Le implicazioni pratiche emergono chiaramente negli esempi applicativi. Nel primo, l’impairment test su una partecipazione è svolto in ottica asset side tramite UDCF (Unlevered Discounted Cash Flow). Il tasso privo di rischio è costruito come paniere ponderato dei rendimenti governativi dei Paesi in cui l’impresa opera; il market risk premium è tratto da fonte accademica; il beta di settore è stimato con approccio bottom-up e poi ri-leverato; a ciò si aggiunge un company specific risk premium riconducibile alla dimensione. Ne risulta un Ke del 12,53%, con struttura finanziaria media dei comparables e WACC post-tax del 10,85%; l’attualizzazione dei flussi 2025-2029, più il terminal value, conduce a un Enterprise Value di circa 77,8 milioni, che – al netto di una PFN pari a 4 milioni – esprime un Equity Value di 73,8 milioni e una copertura ampia rispetto al valore di bilancio della partecipazione (32 milioni).
Il secondo caso mette a fuoco la sensibilità del valore alle ipotesi sui fattori addizionali, a parità di flussi. Con risk free 3%, beta 0,9 e market premium 6%, una base azionaria pienamente diversificata porta a Ke 8,4%; se la proprietà è non diversificata e si giudicano rilevanti 1 punto di CRP e 2 punti di size premium, si sale a Ke 11,4% (impostazione “Bludgeon”). Quando, poi, non sia possibile misurare puntualmente gli add-on e si intenda riflettere l’esposizione totale dell’azionista non diversificato, si può sostituire il beta con un total beta 1,5, ottenendo Ke 12%.
Con un Kd (Cost of Debt) 4%, tax rate 24% e D/E 0,5, il WACC passa dal 6,61% all’8,61%: l’Enterprise Value scende da circa 383,18 milioni a 289,15 milioni, con un differenziale di oltre 94 milioni dovuto ai soli due punti di incremento del Ke.
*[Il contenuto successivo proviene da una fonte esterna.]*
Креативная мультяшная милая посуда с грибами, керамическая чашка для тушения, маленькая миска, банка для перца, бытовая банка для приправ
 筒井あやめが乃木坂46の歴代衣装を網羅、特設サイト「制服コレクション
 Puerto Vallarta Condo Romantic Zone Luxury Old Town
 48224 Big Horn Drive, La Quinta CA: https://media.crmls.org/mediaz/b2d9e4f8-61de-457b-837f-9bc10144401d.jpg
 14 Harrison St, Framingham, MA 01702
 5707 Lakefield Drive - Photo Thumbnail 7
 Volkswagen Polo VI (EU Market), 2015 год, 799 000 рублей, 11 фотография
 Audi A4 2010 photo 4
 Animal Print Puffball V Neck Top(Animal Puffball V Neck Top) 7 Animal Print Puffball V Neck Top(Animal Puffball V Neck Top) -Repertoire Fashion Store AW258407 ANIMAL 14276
Dal quadro applicativo discendono tre cautele metodologiche. Primo, presidiare la coerenza tra tassi e flussi: benché lo IAS 36 nasca con un’impostazione pre-tax, il documento segnala che – stante le considerazioni in corso presso lo IASB e la prassi prevalente – è ammissibile un WACC post-tax se la coerenza informativa è garantita e dimostrata nel lavoro di stima.
Secondo, mappare l’esposizione effettiva dell’impresa ai rischi Paese (onde calibrare CRP con approcci Bludgeon, Beta o Lambda senza duplicazioni) e distinguere con rigore tra execution risk e size premium, soprattutto nelle start-up.
Terzo, in presenza di azionisti non diversificati o di impossibilità di misurare singolarmente i rischi specifici, motivare l’adozione del total beta e le sue implicazioni in termini di costo del capitale e valore.
In conclusione, il documento del CNDCEC offre al professionista una cornice teorica e operativa coerente con i principi contabili e con la prassi di mercato per trattare i fattori addizionali di rischio nel costo del capitale.
Per il commercialista valutatore ciò significa ancorare ogni stima a basi verificabili, decidere con consapevolezza quando l’add-on è necessario e quando no, e soprattutto preservare la coerenza tra profilo dell’azionariato, natura dei rischi e metrica adottata: CAPM “puro”, CAPM con add-on mirati oppure CAPM con total beta, a seconda che la base proprietaria sia diversificata, esposta a rischi specifici misurabili o non diversificata. È su questa coerenza – metodologica e documentale – che si gioca, in concreto, la qualità del giudizio professionale in sede di bilancio e di impairment test.